Task objective >>
Starting at the first line of the entries below, output every line exactly, up to and including the line with "obrazek 1 Chloé".

Extracted data entries
Segment Open

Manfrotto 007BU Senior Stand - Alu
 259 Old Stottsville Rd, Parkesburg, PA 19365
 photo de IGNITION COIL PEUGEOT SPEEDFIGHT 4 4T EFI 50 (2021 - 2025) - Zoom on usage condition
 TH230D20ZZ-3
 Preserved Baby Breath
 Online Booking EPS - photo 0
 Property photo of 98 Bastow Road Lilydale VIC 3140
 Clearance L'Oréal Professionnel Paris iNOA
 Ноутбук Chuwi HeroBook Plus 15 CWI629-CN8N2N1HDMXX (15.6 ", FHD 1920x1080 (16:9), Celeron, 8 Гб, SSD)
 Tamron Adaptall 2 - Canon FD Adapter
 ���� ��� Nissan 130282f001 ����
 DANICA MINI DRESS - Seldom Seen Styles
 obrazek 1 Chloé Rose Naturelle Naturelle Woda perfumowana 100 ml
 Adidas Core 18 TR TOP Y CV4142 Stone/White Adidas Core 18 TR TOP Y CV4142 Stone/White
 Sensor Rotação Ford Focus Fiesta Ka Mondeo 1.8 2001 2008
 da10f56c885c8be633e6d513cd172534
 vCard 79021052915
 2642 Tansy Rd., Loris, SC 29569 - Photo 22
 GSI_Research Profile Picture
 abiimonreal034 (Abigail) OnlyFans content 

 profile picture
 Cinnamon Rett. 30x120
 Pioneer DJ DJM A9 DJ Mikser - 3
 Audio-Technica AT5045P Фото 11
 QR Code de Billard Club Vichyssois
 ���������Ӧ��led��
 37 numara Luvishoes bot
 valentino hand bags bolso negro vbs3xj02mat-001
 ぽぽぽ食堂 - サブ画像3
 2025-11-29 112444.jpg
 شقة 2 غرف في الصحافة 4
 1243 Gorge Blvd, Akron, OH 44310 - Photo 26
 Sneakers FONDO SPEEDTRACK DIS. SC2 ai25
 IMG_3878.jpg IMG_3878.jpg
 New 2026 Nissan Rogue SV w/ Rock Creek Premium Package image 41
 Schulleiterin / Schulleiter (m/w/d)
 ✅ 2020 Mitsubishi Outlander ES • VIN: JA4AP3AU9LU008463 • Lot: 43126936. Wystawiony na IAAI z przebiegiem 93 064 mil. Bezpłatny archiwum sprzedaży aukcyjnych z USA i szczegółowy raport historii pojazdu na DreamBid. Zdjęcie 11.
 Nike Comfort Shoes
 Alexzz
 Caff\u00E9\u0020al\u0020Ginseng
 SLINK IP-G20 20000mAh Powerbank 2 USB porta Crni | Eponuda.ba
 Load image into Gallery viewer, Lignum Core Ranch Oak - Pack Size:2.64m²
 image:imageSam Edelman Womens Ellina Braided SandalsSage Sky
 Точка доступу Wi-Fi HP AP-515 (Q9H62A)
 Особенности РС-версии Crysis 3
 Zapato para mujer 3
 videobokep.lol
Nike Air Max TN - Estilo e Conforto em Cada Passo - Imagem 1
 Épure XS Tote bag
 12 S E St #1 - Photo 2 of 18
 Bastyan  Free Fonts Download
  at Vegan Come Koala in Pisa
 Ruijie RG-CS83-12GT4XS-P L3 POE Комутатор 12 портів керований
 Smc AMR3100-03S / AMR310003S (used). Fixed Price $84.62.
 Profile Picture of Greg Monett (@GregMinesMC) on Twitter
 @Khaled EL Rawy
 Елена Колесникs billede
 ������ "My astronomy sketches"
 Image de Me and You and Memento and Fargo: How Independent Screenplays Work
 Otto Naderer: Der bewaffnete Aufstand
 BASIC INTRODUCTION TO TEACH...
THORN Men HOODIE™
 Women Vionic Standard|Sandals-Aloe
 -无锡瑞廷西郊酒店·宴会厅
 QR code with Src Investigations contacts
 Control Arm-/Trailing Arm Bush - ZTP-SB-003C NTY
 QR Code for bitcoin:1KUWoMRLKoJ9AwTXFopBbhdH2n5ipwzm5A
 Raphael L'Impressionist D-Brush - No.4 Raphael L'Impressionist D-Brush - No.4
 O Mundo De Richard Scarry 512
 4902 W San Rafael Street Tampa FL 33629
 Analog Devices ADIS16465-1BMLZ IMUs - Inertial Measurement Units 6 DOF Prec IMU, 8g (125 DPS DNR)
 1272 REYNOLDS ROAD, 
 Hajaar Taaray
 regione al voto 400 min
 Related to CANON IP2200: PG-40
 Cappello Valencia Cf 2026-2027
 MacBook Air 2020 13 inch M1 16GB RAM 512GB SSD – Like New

Segment Closed

Solution to the problem >>
Manfrotto 007BU Senior Stand - Alu
 259 Old Stottsville Rd, Parkesburg, PA 19365
 photo de IGNITION COIL PEUGEOT SPEEDFIGHT 4 4T EFI 50 (2021 - 2025) - Zoom on usage condition
 TH230D20ZZ-3
 Preserved Baby Breath
 Online Booking EPS - photo 0
 Property photo of 98 Bastow Road Lilydale VIC 3140
 Clearance L'Oréal Professionnel Paris iNOA
 Ноутбук Chuwi HeroBook Plus 15 CWI629-CN8N2N1HDMXX (15.6 ", FHD 1920x1080 (16:9), Celeron, 8 Гб, SSD)
 Tamron Adaptall 2 - Canon FD Adapter
 ���� ��� Nissan 130282f001 ����
 DANICA MINI DRESS - Seldom Seen Styles
 obrazek 1 Chloé Rose Naturelle Naturelle Woda perfumowana 100 ml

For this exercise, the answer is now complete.